I saw my mother struggling with a non malignant tumor behind her eye and the pain it is causing...
Loss. Loss. Loss and Pain. Over and over the last 3 months. But then I read Genesis 21:1 as if Holy Spirit gave it just for me in this season. "Now the Lord was gracious to Sarah and did for Sarah what He had promised" This passage takes me to Jesus whom Isaac foreshadowed. Jesus was anointed with the oil of JOY. As Bill Johnson said: "Our strength is not stronger than our joy"
It does not matter what I put on the altar, what I place at the cross. My consolation is the risen Christ full of Joy for eternity and being united with Him in the Presence of the Father by the help of Holy Spirit as we hear so often in the Masters, and it trumps everything. It grabs a hold of the hand of Abraham holding that knife.
It says turn, and look and behold the Lamb! I choose to behold the Risen Lamb.
BETHEL CHURCH, Redding USA (Bill Johnson)
In the last three or so years, I have been following Bethel Redding on Youtube and enjoyed the teachings of Kris Vallotton and Bill Johnson. I thought it a pipe dream to visit this church. One week before I knew I was going to go to Costa Rica, Penny and I talked about "the dream to visit Bethel" Little did I know... that I would book that ticket one week later...
I was to fly via Los Angeles to Costa Rica. A thought came to me, to look and see exactly where Redding was situated... and low and behold it was very close to LA. After a bit of research the ball was on a roll... and it felt right! I ended up at Bethel. It felt very surreal to walk into that hall that I virtually join on a weekly basis in Thailand. Even though I knew absolutely no one, people were super friendly and warm. Only two days later did I connect with a Ywam'er :-) who extended typical warm YWAM hospitality. (And she was South African!)

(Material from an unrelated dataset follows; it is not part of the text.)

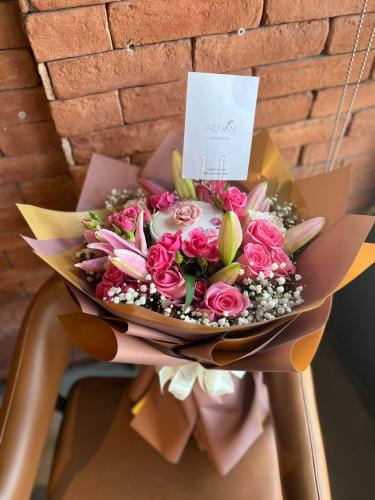 ورد وتشوكليت بستاني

On Saturdays the church facilitates "healing rooms" (This is what Bethel is known for alongside their amazing worship that has gone worldwide) A couple prayed over me and the man started prophesying... and the Lord came in that moment and confirmed so much that was on my heart. I was richly refreshed in God's amazing presence. His tangible presence in that place is quite something!
I am so glad I took the extra few days to visit this church. It was totally worth it. I snuck into the 2nd year student meetings and was able to listen first hand to Bill and Kris - Those guys are deep... they teach at a level with wisdom from experience that is quite something.
I was very grateful towards Jesus that He gave me some time to reflect and digest the pain of the past 12 weeks. It is exactly 3 months since Zarias passed away. Grief is a very slow process... and I find that God's love towards me in this way was deliberate. It was nice to be a blessing to some strangers too. I had some fun interactions with students from all over the world... I fly back to Thailand, refreshed, also knowing that I had the oppurtunity to touch the lives of strangers in these few days. What a joy!